Background: Morphine plays an irreplaceable role in relieving severe pain clinically, while long-term medication inevitably leads to drug resistance. MicroRNA (miR) 146a has been reported to be a negative regulator in the process of morphine-tolerance formation. This study aimed to investigate how miR-146a affects the development of morphine analgesic tolerance.

Methods: The morphine-tolerance rat model was established by means of one-week continuous morphine administration. Paw withdrawal latency test was performed every day, and spinal cord samples were dissected on the seventh day for Q-PCR and Western blotting to detect the expression level of miR-146a, and IRAK1/TRAF6 participated in TLR4 signaling pathway.

Results: The expression of miR-146 was significantly decreased in morphine-tolerant model. Also, overexpression of miR-146a reduced the resistance caused by morphine, followed by the down-regulation of IRAK1/TRAF6 in TLR4 pathway. The inhibition of miR-146a remarkably decreased paw withdrawal latency as well as increased the expression levels of TLR4 signaling pathway-related molecules, IRAK1 and TRAF6.

Conclusion: This study suggests that miR-146a attenuates morphine tolerance by inhibiting the expression of IRAK1/TRAF6 in TLR4 pathway, which could provide an essential experimental basis for the settlement of morphine resistance-associated matters.

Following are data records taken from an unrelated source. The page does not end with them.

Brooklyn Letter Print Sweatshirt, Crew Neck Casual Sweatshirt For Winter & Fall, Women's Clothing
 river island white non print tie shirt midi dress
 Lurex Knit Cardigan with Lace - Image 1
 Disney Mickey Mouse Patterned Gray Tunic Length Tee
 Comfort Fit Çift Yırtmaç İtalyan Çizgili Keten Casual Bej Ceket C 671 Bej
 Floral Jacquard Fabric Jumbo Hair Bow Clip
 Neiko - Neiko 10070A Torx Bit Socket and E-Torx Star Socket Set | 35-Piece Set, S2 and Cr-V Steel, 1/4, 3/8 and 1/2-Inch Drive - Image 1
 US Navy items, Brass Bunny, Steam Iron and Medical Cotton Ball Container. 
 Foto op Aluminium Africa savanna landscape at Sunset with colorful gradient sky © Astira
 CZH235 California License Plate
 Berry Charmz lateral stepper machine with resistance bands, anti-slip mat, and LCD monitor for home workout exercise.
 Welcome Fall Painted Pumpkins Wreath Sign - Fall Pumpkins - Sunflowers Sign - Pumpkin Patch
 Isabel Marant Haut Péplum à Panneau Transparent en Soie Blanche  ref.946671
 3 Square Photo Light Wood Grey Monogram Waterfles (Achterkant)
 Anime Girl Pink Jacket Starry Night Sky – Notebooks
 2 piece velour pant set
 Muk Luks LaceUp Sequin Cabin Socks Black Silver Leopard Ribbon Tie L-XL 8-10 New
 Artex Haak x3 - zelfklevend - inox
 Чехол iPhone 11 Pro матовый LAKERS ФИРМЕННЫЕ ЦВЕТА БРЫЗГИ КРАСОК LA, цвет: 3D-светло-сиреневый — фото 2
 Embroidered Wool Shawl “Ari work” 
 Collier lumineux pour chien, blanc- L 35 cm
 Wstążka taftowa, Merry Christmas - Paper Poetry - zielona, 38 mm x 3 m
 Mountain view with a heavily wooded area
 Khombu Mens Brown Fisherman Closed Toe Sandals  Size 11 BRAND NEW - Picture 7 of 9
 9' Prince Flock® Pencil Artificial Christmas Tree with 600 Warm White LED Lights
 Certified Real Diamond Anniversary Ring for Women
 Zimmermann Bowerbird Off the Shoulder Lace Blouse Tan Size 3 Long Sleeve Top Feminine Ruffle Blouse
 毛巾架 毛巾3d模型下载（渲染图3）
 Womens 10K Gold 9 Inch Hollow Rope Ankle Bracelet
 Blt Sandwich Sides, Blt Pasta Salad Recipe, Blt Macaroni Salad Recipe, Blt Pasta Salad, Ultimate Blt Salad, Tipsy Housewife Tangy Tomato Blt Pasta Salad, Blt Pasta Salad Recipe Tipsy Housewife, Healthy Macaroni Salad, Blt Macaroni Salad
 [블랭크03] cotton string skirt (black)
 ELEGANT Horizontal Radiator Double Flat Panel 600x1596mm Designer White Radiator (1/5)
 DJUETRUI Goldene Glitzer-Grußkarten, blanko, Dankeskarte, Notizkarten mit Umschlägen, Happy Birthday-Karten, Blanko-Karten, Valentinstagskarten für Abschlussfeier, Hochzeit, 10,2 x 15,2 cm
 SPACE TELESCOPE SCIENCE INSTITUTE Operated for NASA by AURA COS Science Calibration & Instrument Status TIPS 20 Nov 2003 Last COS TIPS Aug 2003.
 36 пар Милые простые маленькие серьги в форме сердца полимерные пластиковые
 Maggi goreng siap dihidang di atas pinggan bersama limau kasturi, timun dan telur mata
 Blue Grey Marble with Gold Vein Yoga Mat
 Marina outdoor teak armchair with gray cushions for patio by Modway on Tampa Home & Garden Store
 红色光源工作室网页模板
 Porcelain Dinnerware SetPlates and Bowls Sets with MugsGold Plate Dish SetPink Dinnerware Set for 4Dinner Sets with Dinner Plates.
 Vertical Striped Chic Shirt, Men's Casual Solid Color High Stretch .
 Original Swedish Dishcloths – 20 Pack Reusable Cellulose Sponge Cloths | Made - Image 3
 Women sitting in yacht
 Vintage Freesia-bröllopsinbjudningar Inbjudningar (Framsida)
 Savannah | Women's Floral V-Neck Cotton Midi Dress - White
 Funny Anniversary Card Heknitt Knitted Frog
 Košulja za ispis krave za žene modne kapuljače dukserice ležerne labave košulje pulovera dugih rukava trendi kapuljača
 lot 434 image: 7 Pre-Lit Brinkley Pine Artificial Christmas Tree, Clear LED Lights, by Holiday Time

背景：吗啡在减轻临床上的剧烈疼痛中起着不可替代的作用，而长期服用药物不可避免地导致耐药性。据报道，MicroRNA（miR）146a在吗啡耐受性形成过程中为负调节剂。这项研究旨在调查miR-146a如何影响吗啡镇痛耐受性的发展。

方法：通过连续一周的吗啡给药建立吗啡耐受大鼠模型。每天进行爪退缩潜伏期测试，并在第七天解剖脊髓样品进行Q-PCR和Western blotting检测miR-146a的表达水平，IRAK1 / TRAF6参与TLR4信号通路。

结果：吗啡耐受模型中miR-146的表达明显降低。同样，miR-146a的过表达降低了吗啡引起的耐药性，随后在TLR4途径中下调了IRAK1 / TRAF6。对miR-146a的抑制作用显着降低了爪缩回潜伏期，并提高了TLR4信号通路相关分子IRAK1和TRAF6的表达水平。

结论：本研究提示miR-146a通过抑制IRR1 / TRAF6在TLR4途径中的表达减弱了对吗啡的耐受性，这可能为解决吗啡抗性相关物质提供了重要的实验基础。